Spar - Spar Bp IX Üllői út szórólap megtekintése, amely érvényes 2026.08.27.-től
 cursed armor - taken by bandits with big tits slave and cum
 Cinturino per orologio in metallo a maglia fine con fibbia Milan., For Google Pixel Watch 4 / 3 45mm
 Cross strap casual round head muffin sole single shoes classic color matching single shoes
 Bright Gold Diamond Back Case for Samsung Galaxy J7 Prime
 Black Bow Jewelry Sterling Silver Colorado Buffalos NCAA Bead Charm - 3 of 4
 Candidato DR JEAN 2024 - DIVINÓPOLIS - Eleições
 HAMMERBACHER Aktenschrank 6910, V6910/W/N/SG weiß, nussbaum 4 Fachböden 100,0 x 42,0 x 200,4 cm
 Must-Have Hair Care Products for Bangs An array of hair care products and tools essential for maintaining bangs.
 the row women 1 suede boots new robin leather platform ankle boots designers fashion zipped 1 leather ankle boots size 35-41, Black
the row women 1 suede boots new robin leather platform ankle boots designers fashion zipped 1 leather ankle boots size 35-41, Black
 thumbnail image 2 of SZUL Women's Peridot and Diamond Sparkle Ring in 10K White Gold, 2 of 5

::::::

**ASSIGNMENT:**
Down to the final line, the data above must be copied exactly.

**EXERCISE OUTPUT:**
Spar - Spar Bp IX Üllői út szórólap megtekintése, amely érvényes 2026.08.27.-től
 cursed armor - taken by bandits with big tits slave and cum
 Cinturino per orologio in metallo a maglia fine con fibbia Milan., For Google Pixel Watch 4 / 3 45mm
 Cross strap casual round head muffin sole single shoes classic color matching single shoes
 Bright Gold Diamond Back Case for Samsung Galaxy J7 Prime
 Black Bow Jewelry Sterling Silver Colorado Buffalos NCAA Bead Charm - 3 of 4
 Candidato DR JEAN 2024 - DIVINÓPOLIS - Eleições
 HAMMERBACHER Aktenschrank 6910, V6910/W/N/SG weiß, nussbaum 4 Fachböden 100,0 x 42,0 x 200,4 cm
 Must-Have Hair Care Products for Bangs An array of hair care products and tools essential for maintaining bangs.
 the row women 1 suede boots new robin leather platform ankle boots designers fashion zipped 1 leather ankle boots size 35-41, Black
the row women 1 suede boots new robin leather platform ankle boots designers fashion zipped 1 leather ankle boots size 35-41, Black
 thumbnail image 2 of SZUL Women's Peridot and Diamond Sparkle Ring in 10K White Gold, 2 of 5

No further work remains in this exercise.